_Work item_. All of the lines below need to be copied exactly, apart from the pictures.

_Dataset section_.
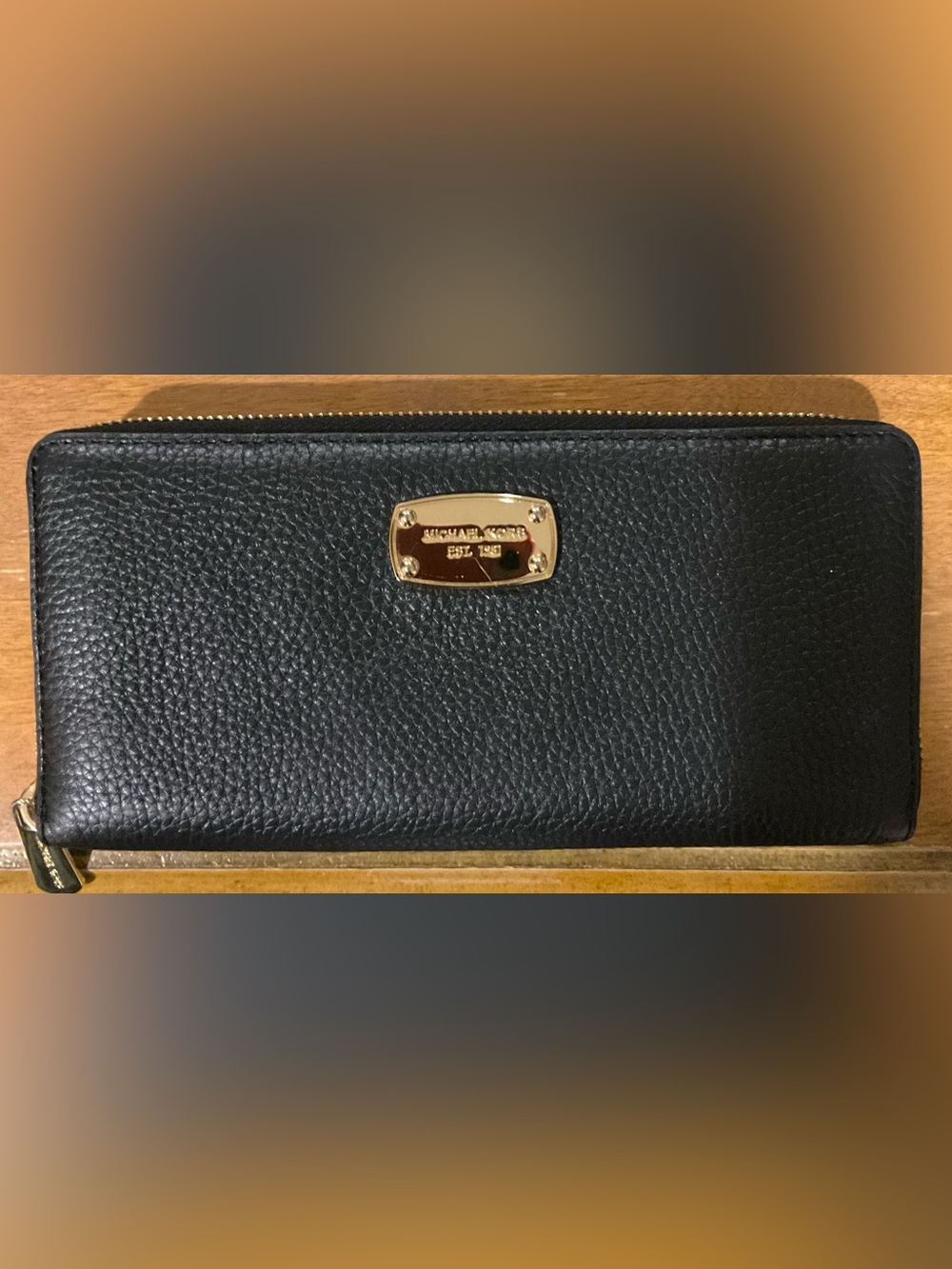 Michael Kors Continental Pebbled Leather Wallet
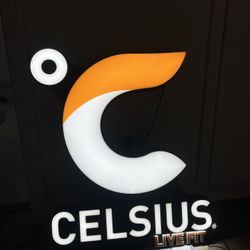 Celsius LED light Sign 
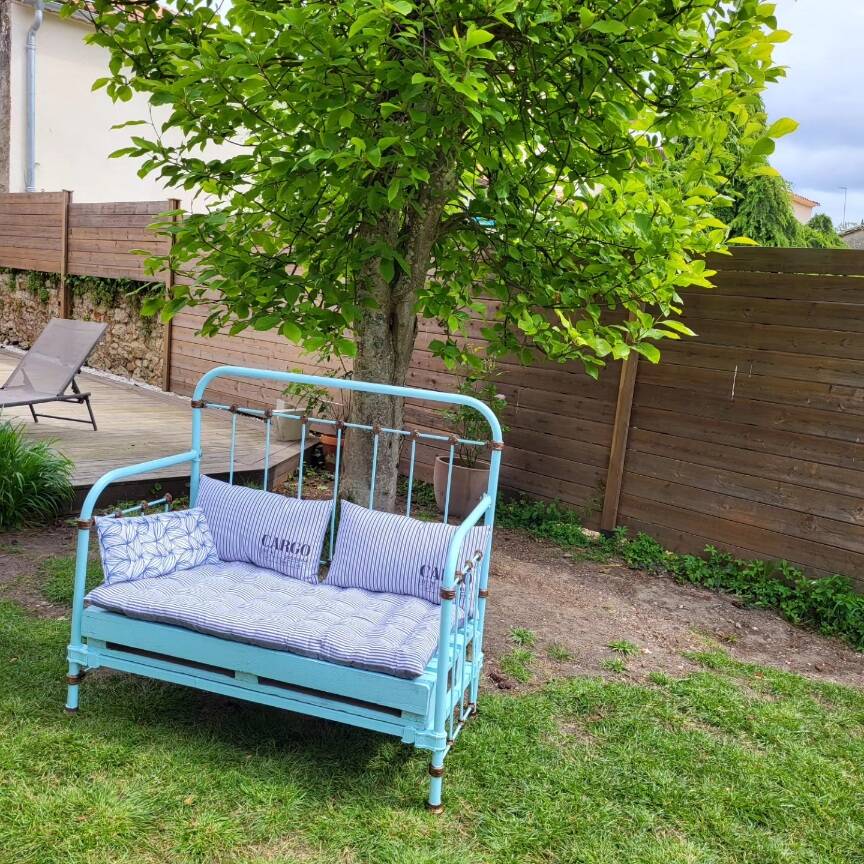 Wrought iron bench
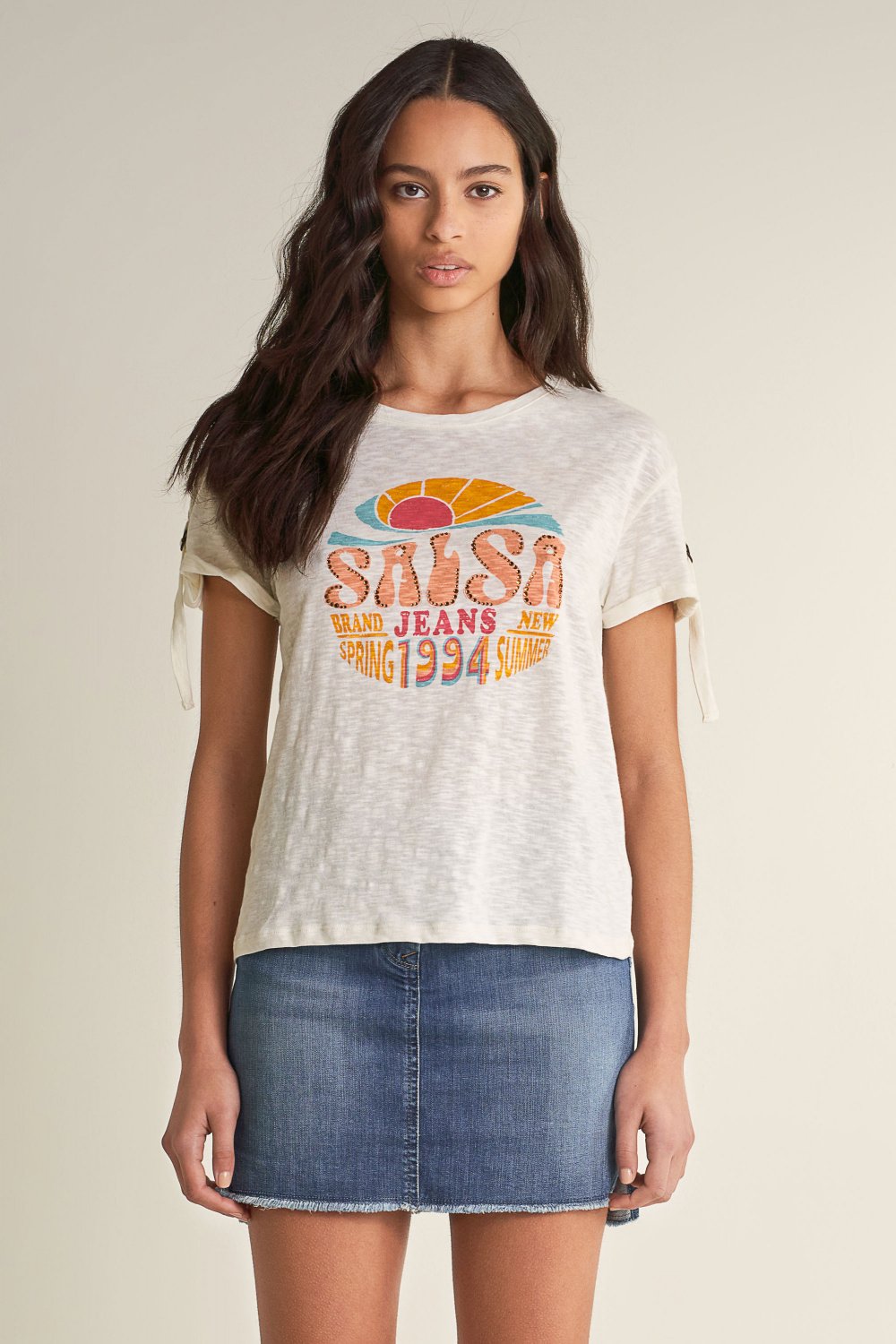 Salsa T-shirt Blu XS sconto 66% MODA DONNA Camicie & T-shirt T-shirt Jeans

_Written reply_.
 Michael Kors Continental Pebbled Leather Wallet
 Celsius LED light Sign 
 Wrought iron bench
 Salsa T-shirt Blu XS sconto 66% MODA DONNA Camicie & T-shirt T-shirt Jeans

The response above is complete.